A History of London at Night - acsillag
http://blog.longreads.com/2015/06/29/vagabonds-crafty-bauds-and-the-loyal-huzza-a-history-of-london-at-night/
======
markbnj
>> barking of dogs, grunting of hogs, wailing of cats, rumbling of rats,
gagling of geez, humming of bees, rousing of bucks, gagling of ducks, singing
of swains, ringing of panns, crowing of cockes, cackling of hens, scrapling of
pens, heeping of mice, trulling of dice, curling of frogs and todes in the
bogs, churking of crickets, strutting of wickets, scratching of owls,
fluttering of fowls, routing of knaves, snorting of slaves, farting of churls,
sisling of girls, with many things else; as ringing of bells, counting of
coins, mounting of groins, whispering of lovers, springling of plovers,
grouting and spinning, baking and brewing, scratching and rubbing, watching
and shrugging.

What a phenomenal passage.
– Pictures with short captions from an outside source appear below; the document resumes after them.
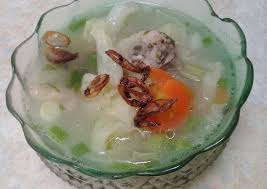 Tinorangsak or tinoransak is an indonesian hot and spicy meat dish that uses specific bumbu (spice mixture) found in manado cuisine of north sulawesi, indonesia. Cara Buat Sayur Sop Ceker Ayam Sederhana Yang Enak Resepenakbgt Com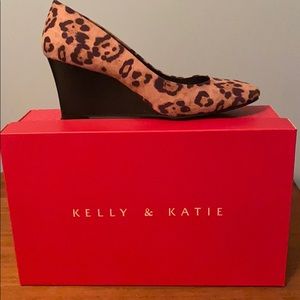 Wedge Heel- Leopard print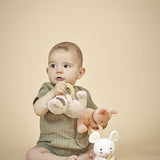 Peluche avec anneau de dentition silicone dès 3 mois. Apaise les gencives et réconforte bébé.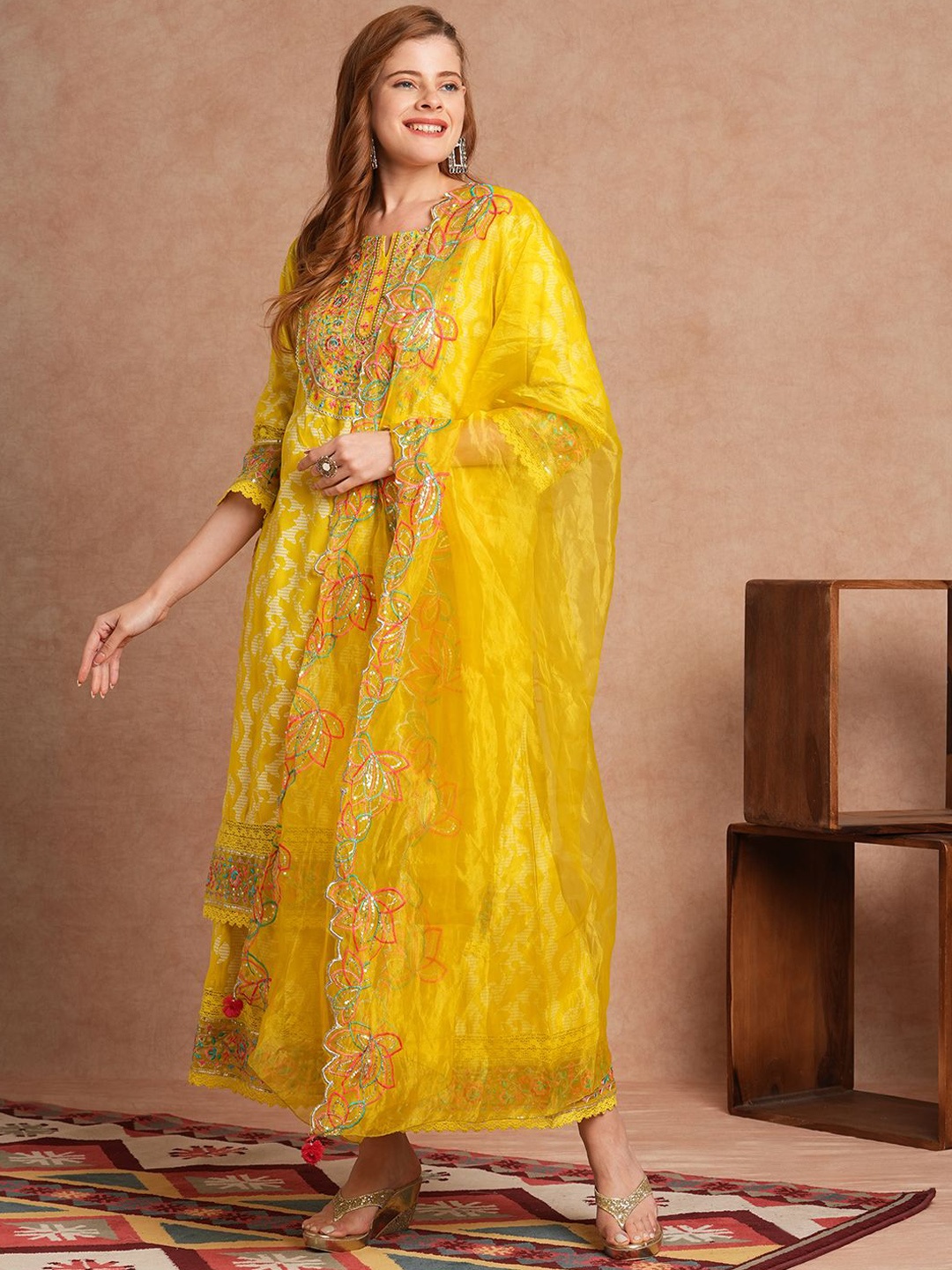 

FASHOR Floral Printed Sequinned Pure Cotton Straight Kurta with Palazzo & Dupatta, Yellow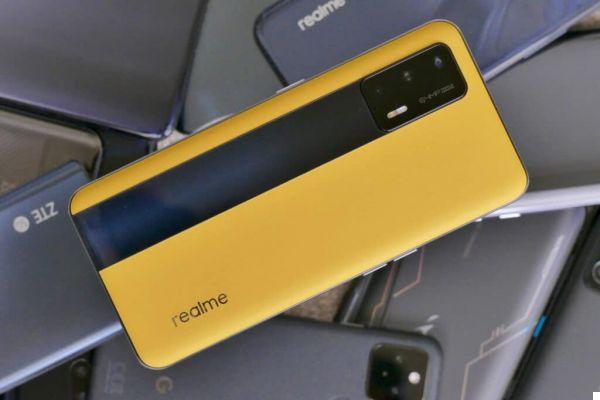 Realme GT: presentó el nuevo smartphone tope de gama de la compañía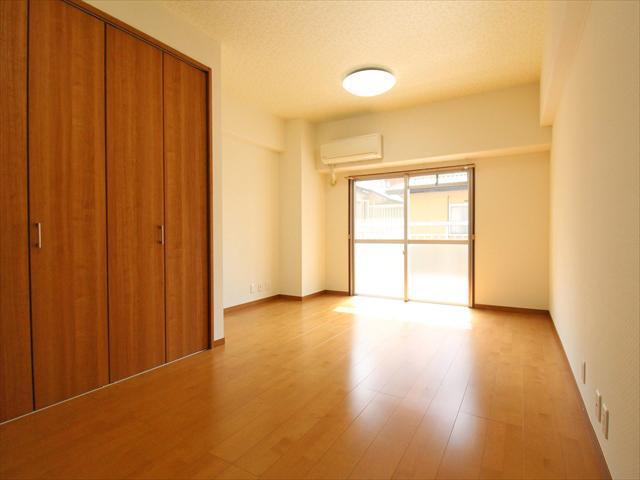 居室・リビング　松山市三番町　三番町ハイツ　リビング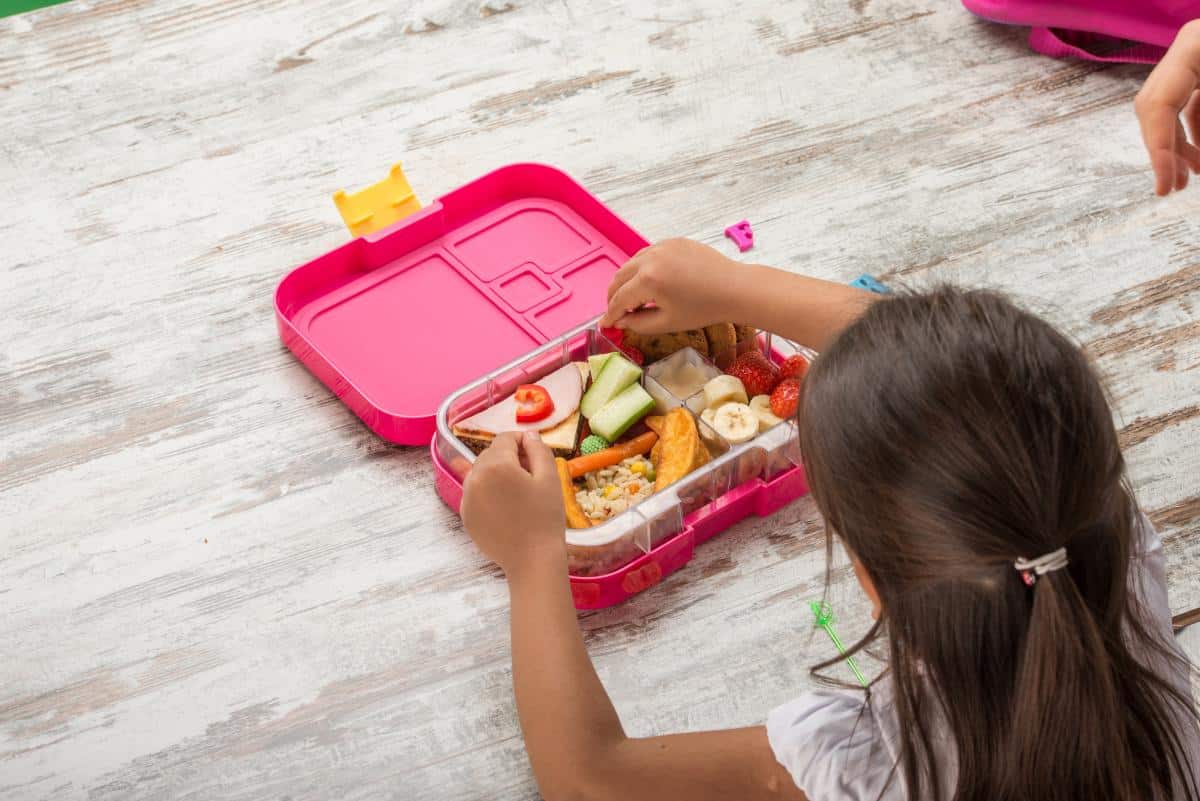 4 توصيات لإعداد حقيبة الطعام المدرسية لأطفالك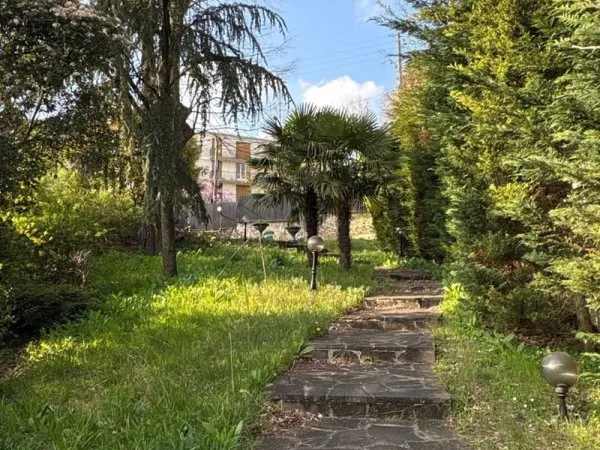 Terrain 311 m²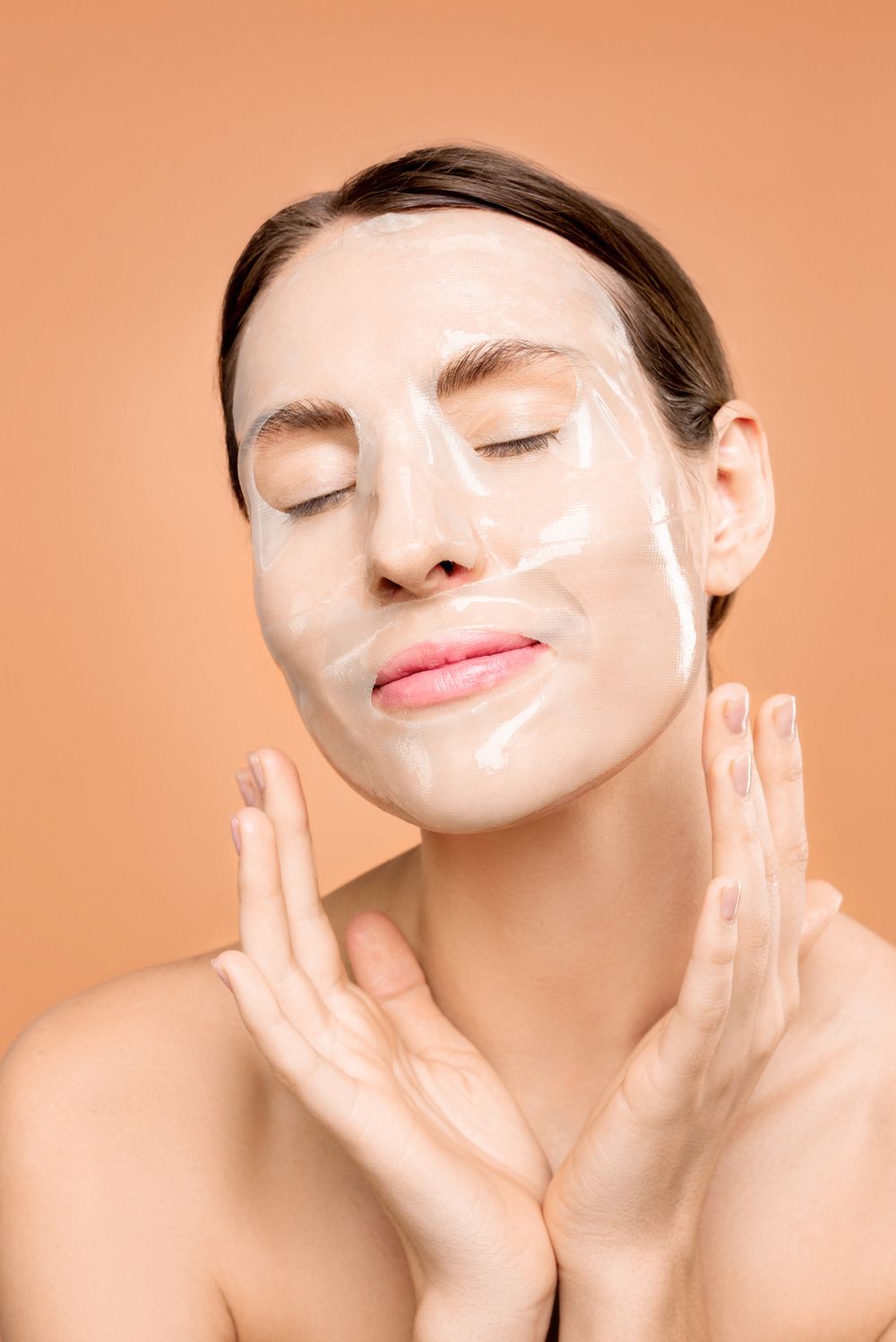 Woman wearing the NOCTÉ overnight collagen masque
I've never read it before, but when I got to
"farting of churls" I wanted to get it embroidered on a wall hanging.

------
biggio
Just before you get excited and decide to come to London, let me show you the
place you are going to live
[http://www.standard.co.uk/incoming/article9482291.ece/altern...](http://www.standard.co.uk/incoming/article9482291.ece/alternates/w620/flat2.jpg)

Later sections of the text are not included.